Sila Nanotechnologies Raises $70 Million To Scale Next-Gen Batteries

SEP 2 2018 BY MARK KANE 10

Sila Nanotechnologies secured financing to scale the next-generation of battery materials

Sila Nanotechnologies, the company that develops silicon-dominant anode materials that replaces conventional graphite electrodes (recently also in partnership with BMW), raised $70 million in Series D funding.

The latest investment round was led by Sutter Hill Ventures. Among new investors is the Next47, the Siemens-backed global venture firm, and Amperex Technology Limited (ATL).

Sila Nanotechnologies already raised $125 million since its inception in 2011, and hopefully it will now be able to increase energy density of lithium-ion batteries.
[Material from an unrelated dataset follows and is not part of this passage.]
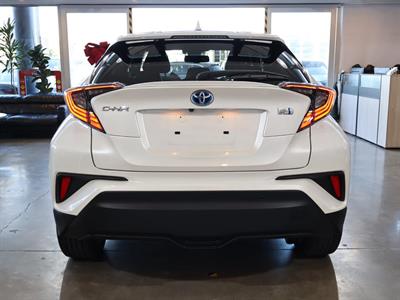 2018 Toyota C-HR - Thumbnail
“To hit the future targets of multiple industries, Sila Nano understood that significant advancements in lithium-ion rechargeable battery technology were necessary. The company is focused on developing and now commercializing the next generation of battery materials. Their first products are a family of silicon-dominant anode materials that replace conventional graphite electrodes entirely. Developed for cost-effective production within current cell manufacturing processes, these materials work today and enable high cycle life, ultra-low swelling, and high energy density in next generation battery cells.”

Mike Speiser, Managing Director, Sutter Hill Ventures said:

“Changes in battery chemistry are generational, and Sila Nano is bringing the next one to market. Sila has solved the hard scientific and engineering problems and is ready to rapidly scale up manufacturing to meet the enormous demand for better batteries. We back companies that solve big problems that are worth solving, and Sila is a great example of that. Dramatically better batteries will change the landscape of what’s possible for the phone in your pocket, the cars on the road, and the entire grid infrastructure.”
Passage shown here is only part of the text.